UN Rights Chief calls for review of EU-Libya Migrant Interception Deal

Shafaq News/ The United Nations High Commissioner for Human Rights urged a review of the longstanding arrangement between the European Union and Libyan authorities tasked with intercepting migrants attempting to cross the Mediterranean Sea to Europe.

Independent rights experts and charities involved in search and rescue operations have frequently criticized the arrangement, citing alleged reckless behavior by the Libyan Coast Guard, including firing at or near migrant vessels and ramming boats to make them capsize before returning the survivors to Libya.

In the 12 months since April 2023, more than 2,400 people have died or gone missing trying to cross the Central Mediterranean Sea, with over 1,300 departing from Libya, noted High Commissioner Volker Türk.

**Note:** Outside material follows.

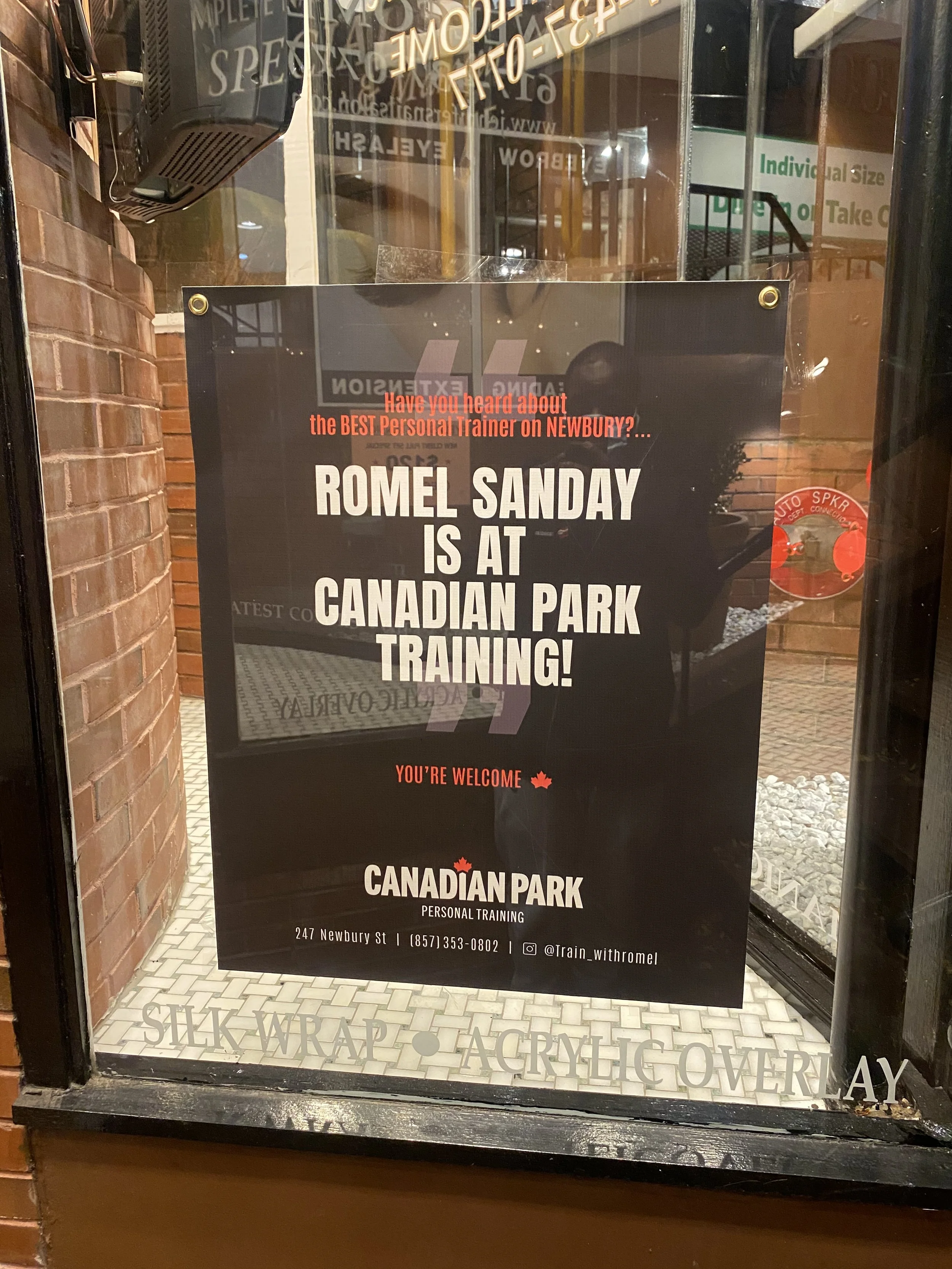 Poster on a window advertising Romel Sanday as a personal trainer at Canadian Park Training, located at 247 Newbury St. Includes contact details and social media handle @train_withromel.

“It is unconscionable that people in search of safety and dignity are suffering and dying in such unspeakable circumstances,” Türk said. “I remind all States of the collective responsibility under international law to save lives and prevent deaths at sea.”

Türk also called for action to address the deaths of many migrants and refugees heading to Libya via the Sahara Desert. New UN estimates suggest that twice as many migrants likely die trying to cross the sands than in the Mediterranean Sea.

The “volatile security situation” has also prevented UN rights monitors from fully accessing southern and eastern parts of the country, Türk added. Investigators were also refused access to detention facilities and other locations across Libya.

Highlighting a spike in arbitrary arrests, detentions, enforced disappearances, and detention-related violations inside Libya, Türk expressed concern about the continued targeting of political opponents and dissenting voices.

“While the figure is likely to be higher and arrests continue, we have verified at least 60 cases of arbitrary detention of individuals who peacefully were exercising their right to express political views. In some cases, detention was followed by extra-judicial killing,” Türk said, insisting that the ongoing lack of accountability for violations and abuses committed in 2011 “remains one of the serious obstacles to reconciliation today and serves as a driver of conflict.”

Less than a year since Storm Daniel caused catastrophic flooding in the coastal city of Derna, killing thousands, Türk maintained that the country remains “plagued by deep insecurity,” while ordinary Libyans endure “economic hardship coupled with political exclusion.”

Remedying the situation is possible, the UN human rights chief insisted, calling for a “rights-based, people-centered” transitional justice and reconciliation process, a sustainable political settlement, the restoration of the rule of law—including accountability for human rights violations—and unified, legitimate institutions.